Throughout history, efforts have been made to reform the human diet by
changing individual characteristics of it, and some of these changes
have had unexpected harmful effects. In the 1950s, for instance, pregnant women were urged
to strictly limit their weight gain to avoid pre-eclampsia, a syndrome
characterized by high blood pressure, fluid retention and kidney
problems. Enough women apparently followed this advice that the number
of underweight babies — and of infant deaths, some attributable to low
birth weight — increased….

Salt — sodium chloride — is only one of many essential elements in a
sound diet. In places where populations have free access to salt,
healthy people typically consume about five to eight grams (giving them
two to four grams of sodium) per day. When groups of people reduce
their daily sodium intake by one to two grams, their average blood
pressure falls. But there is tremendous variation among individuals.

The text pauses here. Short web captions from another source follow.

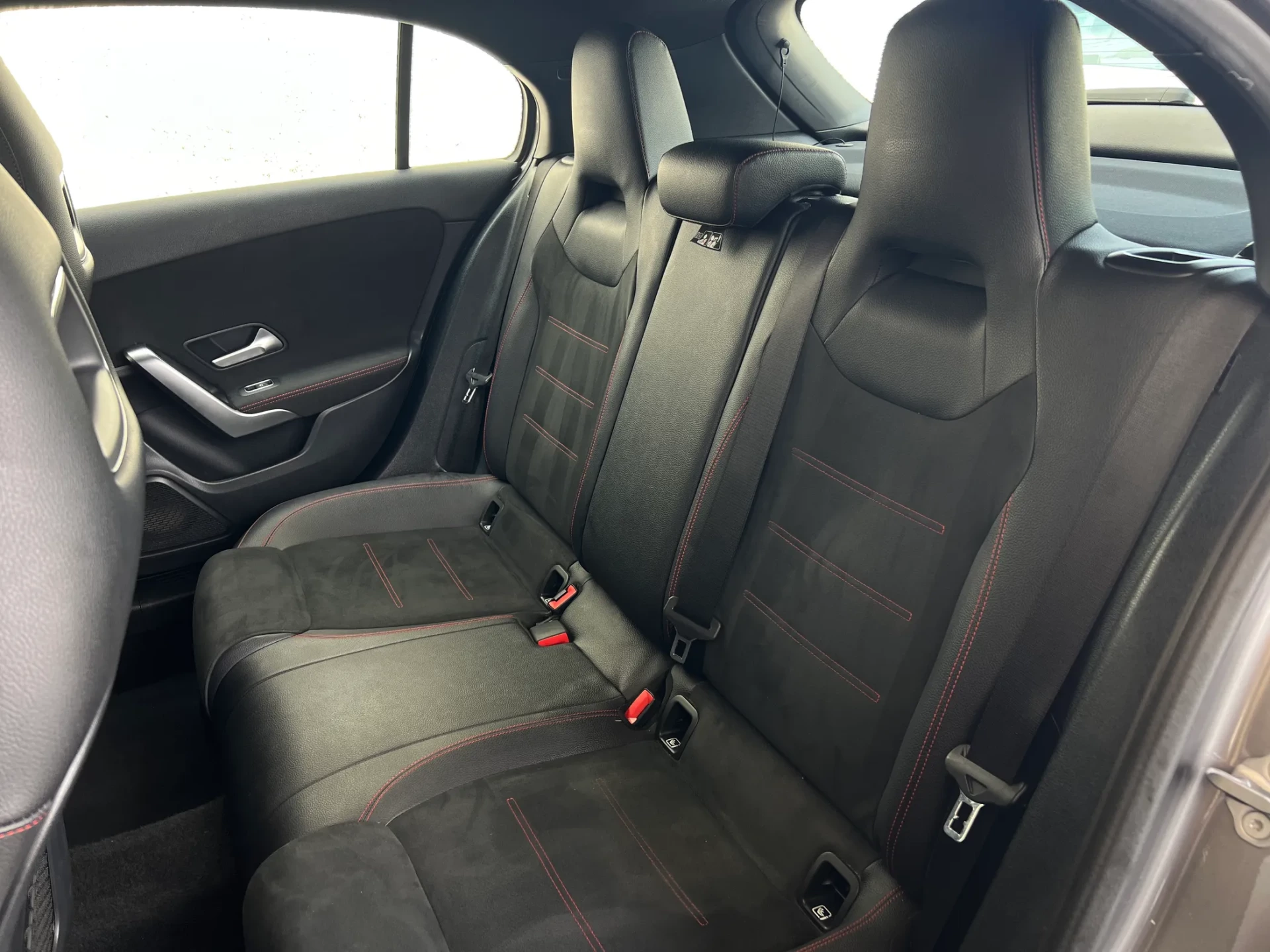 Mercedes-Benz A 180 d AMG Line Aut. 10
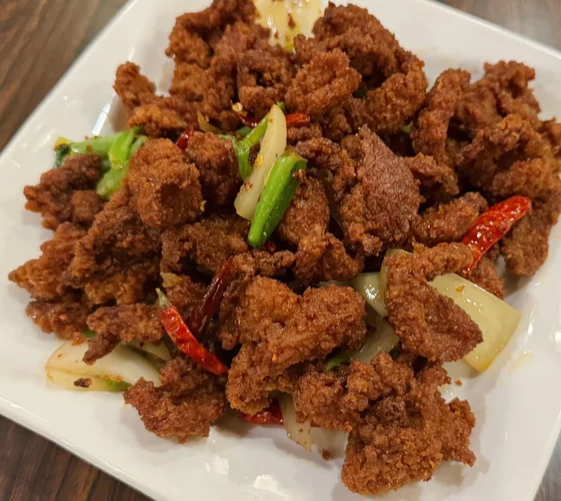 Stir-fried Pork with Spicy Salt🌶️（椒盐猪）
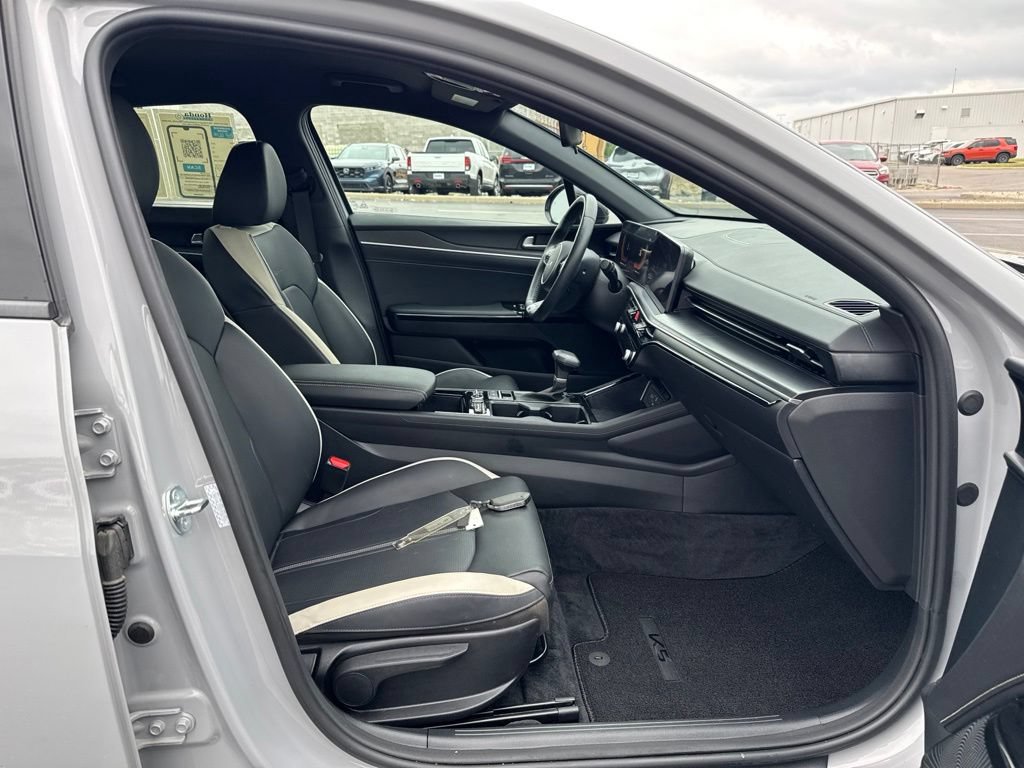 Used 2025 Kia K5 GT-Line AWD/4WD image 41
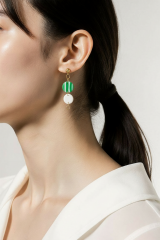 Yeşil & Beyaz Minimal Polimer Kil Dairesel Sallantılı Küpe – El Yapımı, Hafif, Alerji Dostu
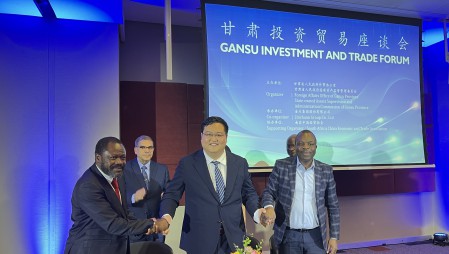 在甘肃省委书记、省人大常委会主任胡昌升见证下，，，，，，，，jxf体育节水集团在南非约翰内斯堡与东南非农业合作联盟、南非灌溉发展局、中国进出口银行甘肃分行等多家机构签署合作和谈。。。。。。。。
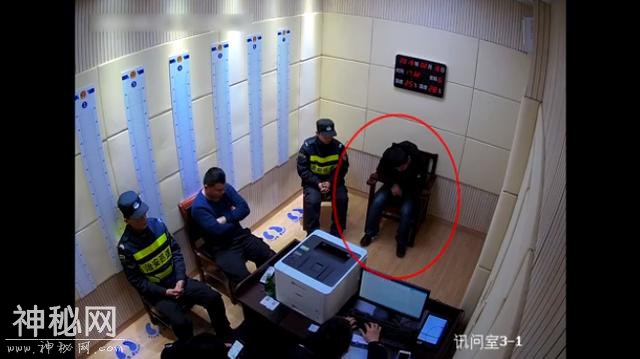女子陷入与“特警”男网友的恋情 见面发现竟是前同事-5.jpg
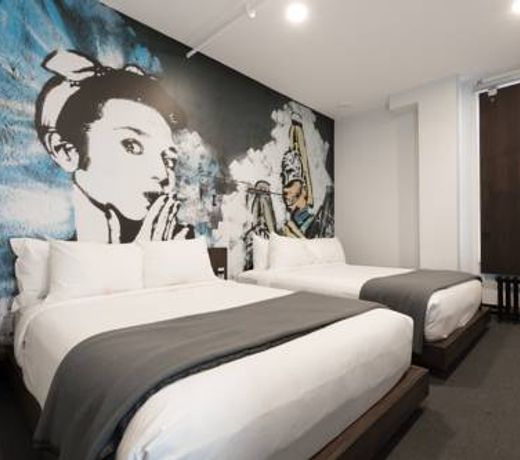 Crash Hotel Downtown Edmonton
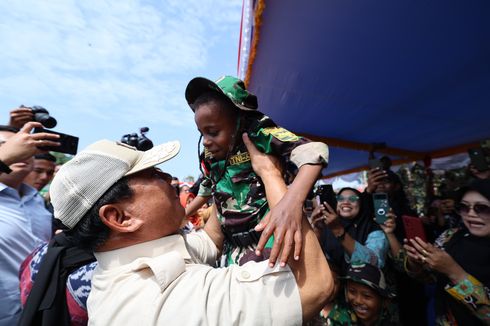 Momen Prabowo Gendong hingga Cium Tentara Cilik di Papua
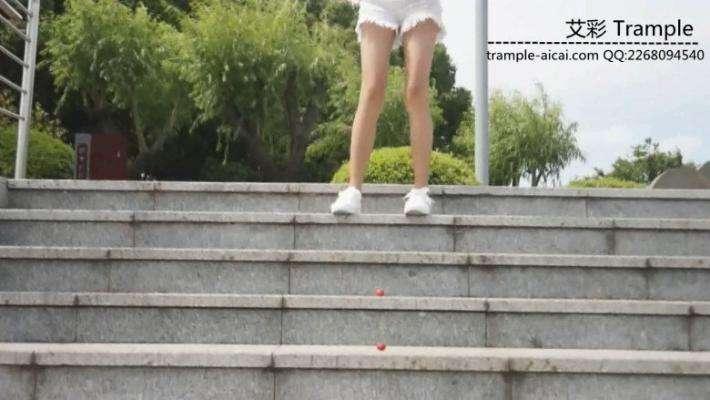 大一两位美女学生的户外美足秀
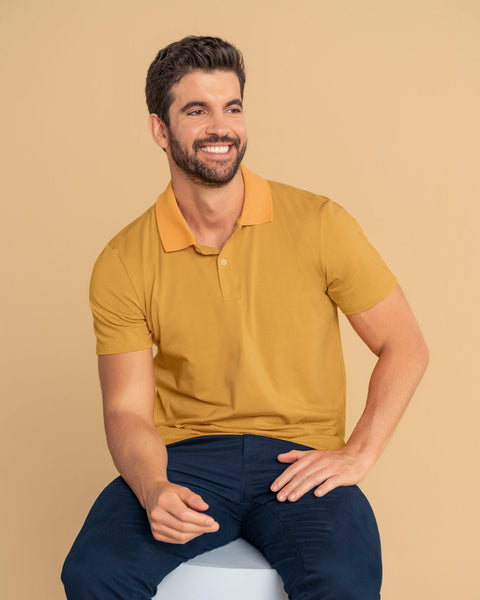 Camiseta tipo polo con perilla funcional con puños y cuello tejido#color_113-mostaza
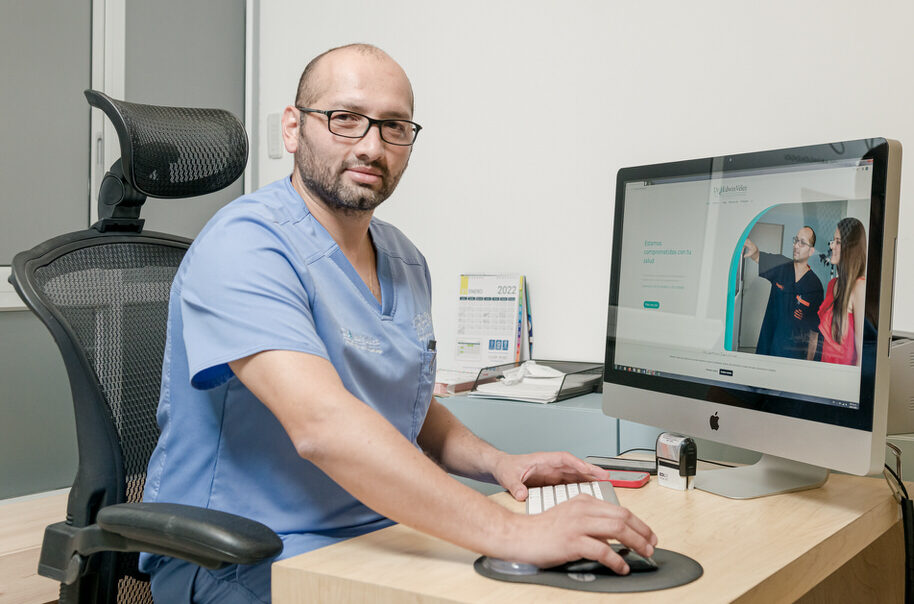 Doctor Edwin Vélez, Cirujano Plástico Facial y Otorrinolaringólogo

For most people, wide swings in dietary sodium consumption don’t affect
blood pressure, and for some, blood pressure actually rises when they
lower their salt intake.

Alderman also cites the mixed results of decreasing sodium intake in nine observational studies. In four of the studies, reduced salt consumption was actually associated with an increase in death and disability from heart attack and strokes. In one study focusing on obes epeople, more salt was associated with cardiovascular health, while the remaining four studies found no direct tie between salt consumption and health.